Tuesday, March 19, 2019

Leaving All to Follow Christ

“If anyone comes to Me and does not hate his father and mother, wife and children, brothers and sisters, yes, and his own life also, he cannot be My disciple” (Luke 14:26).

Despite what it may look like, Jesus is not telling His disciples to hate their families; to understand Jesus’ words this way would be to read them out of context, and to misrepresent what Jesus is trying to teach. It would be odd and inconsistent for Jesus to say here that, in order to be His disciple one must forsake house and home, wife and child, land and animals, and even body and life. This is what the Pharisees did, or at least what they appeared to do; Jesus rebukes them for it. They forsook their families, denying care to their own parents in order to devote the money they would’ve otherwise spent for that purpose as a gift to God. How pious! That type of denial and sacrifice seems to be what Jesus is calling for here, but it is not. He rebukes the Pharisees for “making the word of God of no effect through your tradition which you have handed down.”[1] The Word of God says that we are to honor father and mother. The Pharisees were not doing so; they were breaking God’s command by not caring for their parents, even though they took the money they would have used to care for them and diverted it for “holy” purposes. It isn’t a good work to give a monetary gift to God, if in doing so we break His command. Rather, we should give the gift, and at the same time fear and love God, so that we may not despise nor anger our parents and masters, but give them honor, serve, obey, and hold them in love and esteem.

The reformers dealt with the same type of issue. People viewed those who took monastic vows as a kind of “first class” Christian. Those monks were much better than the average layman. They were doing an especially good work; they were forsaking the world and devoting themselves to serving God. In his Smalcald Articles, Luther answers this mindset bluntly:

He who makes a vow to live as a monk believes that he will enter upon a way of life holier than ordinary Christians lead. He wants to earn heaven by his own works, not only for himself, but also for others. This is to deny Christ.[2]

So, what does Jesus mean when He says we cannot be His disciple unless we hate our father, mother, wife, children, brothers, sisters, and our own life? We know He wants us to care for our parents; we know He doesn’t want us to make up our own traditions to follow, which make us look holier than the average Christian for the purpose of earning our way into the Kingdom of Heaven by our own inadequate works. So what does He want?
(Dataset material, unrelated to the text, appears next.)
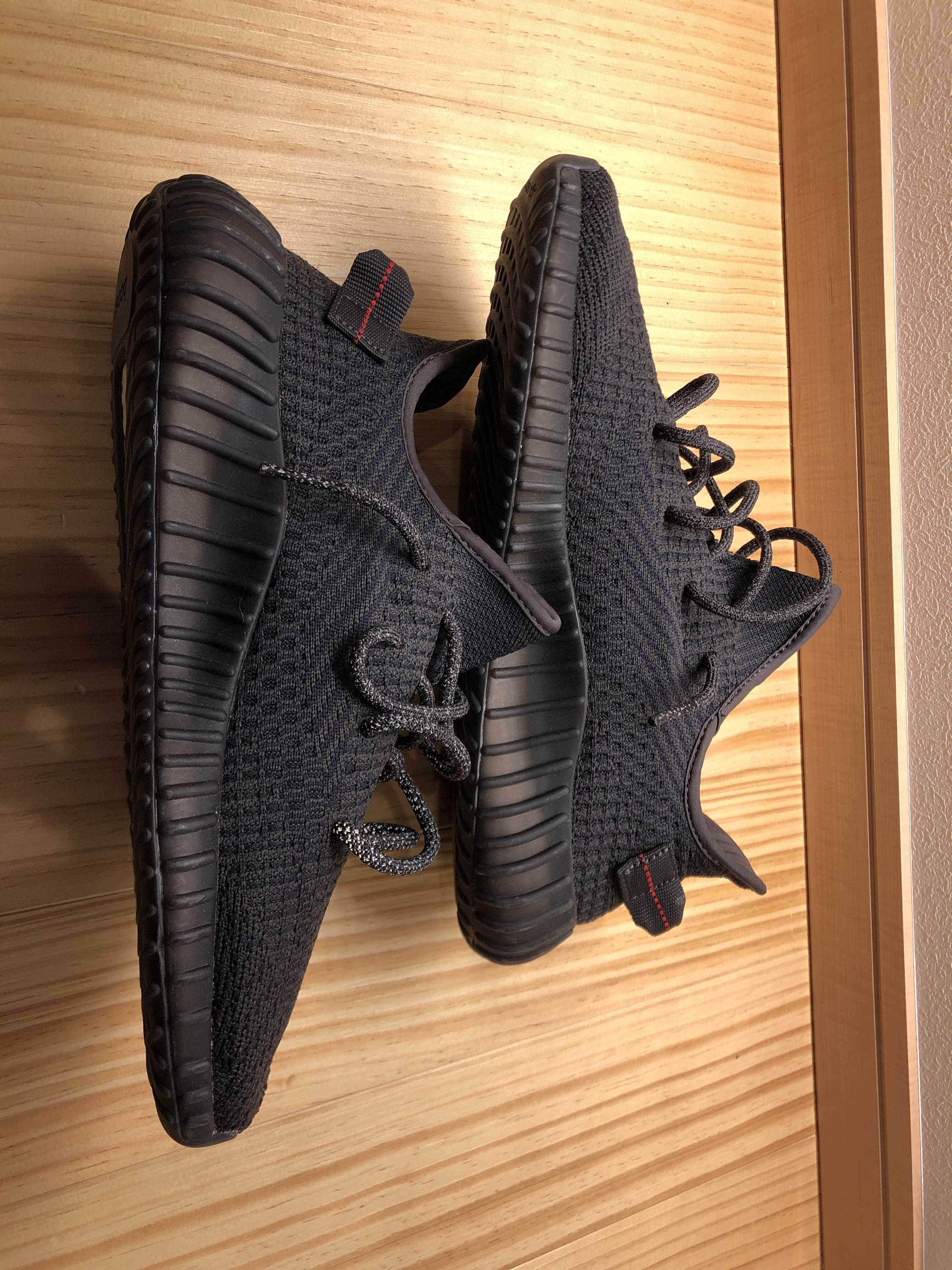 adidas YEEZY Boost 350 V2 "Black"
Jesus wants us to know what is ultimately important. He wants us to know that what is ultimately important is not this body and life, our goods, fame, child, or wife. He wants us to know that, though these things all be gone, our victory has been won; the kingdom ours remaineth. The Kingdom of God, into which we entered by the blood of Christ is ours – now. We who are connected to Christ, to His death and resurrection in our baptism, have what He promises us, and it is the most important thing ever: the forgiveness of our sins, and eternal life, resurrected from our grave in our own perfected body, with Christ forever, in the new and restored creation, where we will be forever free from sin, death, and the power of the devil.

Jesus wants us to understand what is ultimately important. Our families, our possessions, our lives…these are all good gifts from God. But,

“He who loves father or mother more than Me is not worthy of Me. And he who loves son or daughter more than Me is not worthy of me.”[3]
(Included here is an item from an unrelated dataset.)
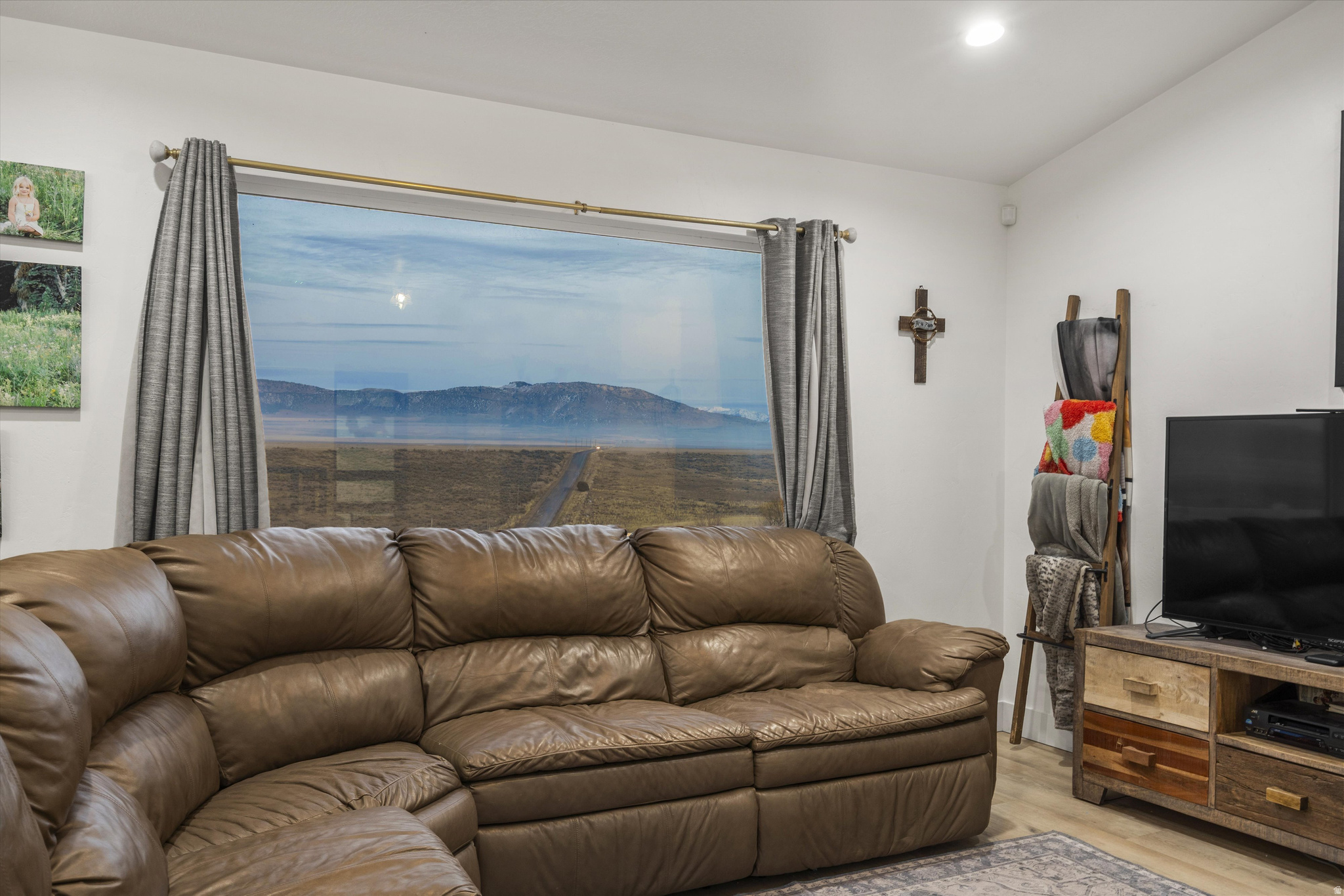 BELMONT SPRINGS PARK - Residential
By telling us to hate our father and mother, Jesus is pointing us back to His Law, given to Moses:

“If your brother, the son of your mother, your son or your daughter, the wife of your bosom, or your friend who is as your own soul, secretly entices you, saying, ‘Let us go and serve other gods,’ which you have not known, neither you nor your fathers, of the gods of the people which are all around you, near to you or far off from you, from one end of the earth to the other end of the earth, you shall not consent to him or listen to him, nor shall your eye pity him, nor shall you spare him or conceal him; but you shall surely kill him; your hand shall be first against him to put him to death, and afterward the hand of all the people.”[4]

God and His Word is the most important thing. God’s Word is the means by which He converts us, forgives us, and makes us alive in Christ, who is the Word incarnate. Here God tells the people that He is more important to them than the bonds of friendship or family, so much so that even if our family members try to lead us astray from the faith, we should choose Christ over them. Thankfully, since we no longer live in the theocratic nation of Old Testament Israel, like Moses and the Israelites, we are no longer bound by the civil law of that country, and we are therefore not obligated to put our heretic relatives to death. The obligation of the moral law, however, does remain binding: You shall have no other gods. What does this mean? We should fear, and love, and trust in God above all things. This is what Jesus means when, explaining that He has not come to bring peace, but a sword, says,

“For I have come to ‘set a man against his father, a daughter against her mother, and a daughter-in-law against her mother-in-law’; and ‘a man’s enemies will be those of his own household.’”[5]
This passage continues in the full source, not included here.